## Directions
Copy the lines below verbatim. Begin with the first and end with the line containing "COR | Trio Sofa | Stoffauswahl".

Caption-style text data
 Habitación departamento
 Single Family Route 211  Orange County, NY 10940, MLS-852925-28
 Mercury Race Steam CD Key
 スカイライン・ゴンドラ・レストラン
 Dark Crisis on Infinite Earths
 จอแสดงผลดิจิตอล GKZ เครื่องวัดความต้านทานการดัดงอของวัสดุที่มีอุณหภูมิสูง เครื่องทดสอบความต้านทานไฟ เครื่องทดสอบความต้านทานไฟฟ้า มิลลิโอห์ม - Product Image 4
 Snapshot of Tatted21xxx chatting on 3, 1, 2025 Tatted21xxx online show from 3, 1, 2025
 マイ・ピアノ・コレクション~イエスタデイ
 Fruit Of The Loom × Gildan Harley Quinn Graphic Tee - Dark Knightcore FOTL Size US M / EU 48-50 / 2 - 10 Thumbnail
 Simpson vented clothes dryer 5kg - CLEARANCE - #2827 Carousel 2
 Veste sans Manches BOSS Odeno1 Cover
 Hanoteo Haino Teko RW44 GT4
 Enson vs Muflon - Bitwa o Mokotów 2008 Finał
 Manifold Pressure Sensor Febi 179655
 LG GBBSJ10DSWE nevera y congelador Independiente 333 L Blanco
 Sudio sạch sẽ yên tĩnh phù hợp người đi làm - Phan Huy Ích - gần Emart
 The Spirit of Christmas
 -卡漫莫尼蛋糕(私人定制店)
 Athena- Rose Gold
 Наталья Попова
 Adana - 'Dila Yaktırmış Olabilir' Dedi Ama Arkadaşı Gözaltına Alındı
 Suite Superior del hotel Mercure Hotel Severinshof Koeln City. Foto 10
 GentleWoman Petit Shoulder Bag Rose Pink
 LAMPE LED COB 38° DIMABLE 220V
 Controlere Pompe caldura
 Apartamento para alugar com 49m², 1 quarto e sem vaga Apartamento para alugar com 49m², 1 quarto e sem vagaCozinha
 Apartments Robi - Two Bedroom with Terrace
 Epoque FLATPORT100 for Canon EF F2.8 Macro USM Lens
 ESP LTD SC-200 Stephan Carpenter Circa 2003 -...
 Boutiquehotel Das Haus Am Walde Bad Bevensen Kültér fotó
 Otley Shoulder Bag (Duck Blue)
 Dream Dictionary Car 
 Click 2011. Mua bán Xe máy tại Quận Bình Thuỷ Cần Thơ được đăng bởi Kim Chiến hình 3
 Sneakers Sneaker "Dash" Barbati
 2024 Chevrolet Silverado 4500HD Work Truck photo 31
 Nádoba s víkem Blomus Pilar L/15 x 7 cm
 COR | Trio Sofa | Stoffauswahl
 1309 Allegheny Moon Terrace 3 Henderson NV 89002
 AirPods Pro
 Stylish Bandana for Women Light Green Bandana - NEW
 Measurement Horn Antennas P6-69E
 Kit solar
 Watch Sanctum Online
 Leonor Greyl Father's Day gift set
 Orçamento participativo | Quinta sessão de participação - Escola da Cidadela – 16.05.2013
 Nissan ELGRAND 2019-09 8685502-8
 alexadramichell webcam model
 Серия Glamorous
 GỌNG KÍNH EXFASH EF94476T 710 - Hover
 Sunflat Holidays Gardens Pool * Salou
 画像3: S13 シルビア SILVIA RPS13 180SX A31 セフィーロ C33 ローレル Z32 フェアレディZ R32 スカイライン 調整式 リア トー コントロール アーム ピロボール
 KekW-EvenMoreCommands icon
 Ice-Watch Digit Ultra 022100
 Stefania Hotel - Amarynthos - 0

## Reply
 Habitación departamento
 Single Family Route 211  Orange County, NY 10940, MLS-852925-28
 Mercury Race Steam CD Key
 スカイライン・ゴンドラ・レストラン
 Dark Crisis on Infinite Earths
 จอแสดงผลดิจิตอล GKZ เครื่องวัดความต้านทานการดัดงอของวัสดุที่มีอุณหภูมิสูง เครื่องทดสอบความต้านทานไฟ เครื่องทดสอบความต้านทานไฟฟ้า มิลลิโอห์ม - Product Image 4
 Snapshot of Tatted21xxx chatting on 3, 1, 2025 Tatted21xxx online show from 3, 1, 2025
 マイ・ピアノ・コレクション~イエスタデイ
 Fruit Of The Loom × Gildan Harley Quinn Graphic Tee - Dark Knightcore FOTL Size US M / EU 48-50 / 2 - 10 Thumbnail
 Simpson vented clothes dryer 5kg - CLEARANCE - #2827 Carousel 2
 Veste sans Manches BOSS Odeno1 Cover
 Hanoteo Haino Teko RW44 GT4
 Enson vs Muflon - Bitwa o Mokotów 2008 Finał
 Manifold Pressure Sensor Febi 179655
 LG GBBSJ10DSWE nevera y congelador Independiente 333 L Blanco
 Sudio sạch sẽ yên tĩnh phù hợp người đi làm - Phan Huy Ích - gần Emart
 The Spirit of Christmas
 -卡漫莫尼蛋糕(私人定制店)
 Athena- Rose Gold
 Наталья Попова
 Adana - 'Dila Yaktırmış Olabilir' Dedi Ama Arkadaşı Gözaltına Alındı
 Suite Superior del hotel Mercure Hotel Severinshof Koeln City. Foto 10
 GentleWoman Petit Shoulder Bag Rose Pink
 LAMPE LED COB 38° DIMABLE 220V
 Controlere Pompe caldura
 Apartamento para alugar com 49m², 1 quarto e sem vaga Apartamento para alugar com 49m², 1 quarto e sem vagaCozinha
 Apartments Robi - Two Bedroom with Terrace
 Epoque FLATPORT100 for Canon EF F2.8 Macro USM Lens
 ESP LTD SC-200 Stephan Carpenter Circa 2003 -...
 Boutiquehotel Das Haus Am Walde Bad Bevensen Kültér fotó
 Otley Shoulder Bag (Duck Blue)
 Dream Dictionary Car 
 Click 2011. Mua bán Xe máy tại Quận Bình Thuỷ Cần Thơ được đăng bởi Kim Chiến hình 3
 Sneakers Sneaker "Dash" Barbati
 2024 Chevrolet Silverado 4500HD Work Truck photo 31
 Nádoba s víkem Blomus Pilar L/15 x 7 cm
 COR | Trio Sofa | Stoffauswahl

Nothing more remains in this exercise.